Newsweek has an interesting article on how Shia Muslims are forcing Sunni Muslims out of Baghdad. Here is a quote from the article:
The surge of U.S. troops—meant in part to halt the sectarian cleansing of the Iraqi capital—has hardly stemmed the problem. The number of Iraqi civilians killed in July was slightly higher than in February, when the surge began. According to the Iraqi Red Crescent, the number of internally displaced persons (IDPs) has more than doubled to 1.1 million since the beginning of the year, nearly 200,000 of those in Baghdad governorate alone. Rafiq Tschannen, chief of the Iraq mission for the International Organization for Migration, says that the fighting that accompanied the influx of U.S. troops actually "has increased the IDPs to some extent." (IDP refers to internally displaced persons.)

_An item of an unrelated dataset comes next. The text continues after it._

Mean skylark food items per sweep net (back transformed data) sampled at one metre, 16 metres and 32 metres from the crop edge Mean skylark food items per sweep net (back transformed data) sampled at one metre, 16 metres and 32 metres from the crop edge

So what about the success of the surge that the right-wing and the major media outlets keep telling us about? Here is an explanation about that from the same article:
When Gen. David Petraeus goes before Congress next week to report on the progress of the surge, he may cite a decline in insurgent attacks in Baghdad as one marker of success. In fact, part of the reason behind the decline is how far the Shiite militias' cleansing of Baghdad has progressed: they've essentially won. "If you look at pre-February 2006, there were only a couple of areas in the city that were unambiguously Shia," says a U.S. official in Baghdad who is familiar with the issue but is not authorized to speak on the record. "That's definitely not the case anymore." The official says that "the majority, more than half" of Baghdad's neighborhoods are now Shiite-dominated, a judgment echoed in the most recent National Intelligence Estimate on Iraq: "And very few are mixed." In places like Amel, pockets of Sunnis live in fear, surrounded by a sea of Shiites. In most of the remaining Sunni neighborhoods, residents are trapped behind great concrete barricades for their own protection.
This is a very interesting article, and also very sad, because it shows how much havoc our failure to plan for a post-Saddam Iraq has caused for Iraqis. Obviously, things were going to change once Saddam was removed. Sunnis are a relatively small portion of Iraq's population but had been exercising all of the political power. Just as obviously, though, Iraq didn't have to be like this.
According to this article in the Washington Post, taken from a new book that is coming out about Bush he thought that Americans would be greeted as liberators. This was based on three conversations he had with dissident Iraqis before the invasion. Here is a quote from that article:
Several of Bush's top advisers believe that the president's view of postwar Iraq was significantly affected by his meeting with three Iraqi exiles in the Oval Office several months before the 2003 invasion, Draper reports.
He writes that all three exiles agreed without qualification that "Iraq would greet American forces with enthusiasm. Ethnic and religious tensions would dissolve with the collapse of Saddam's regime. And democracy would spring forth with little effort -- particularly in light of Bush's commitment to rebuild the country." We now see how useful that information was for the United States.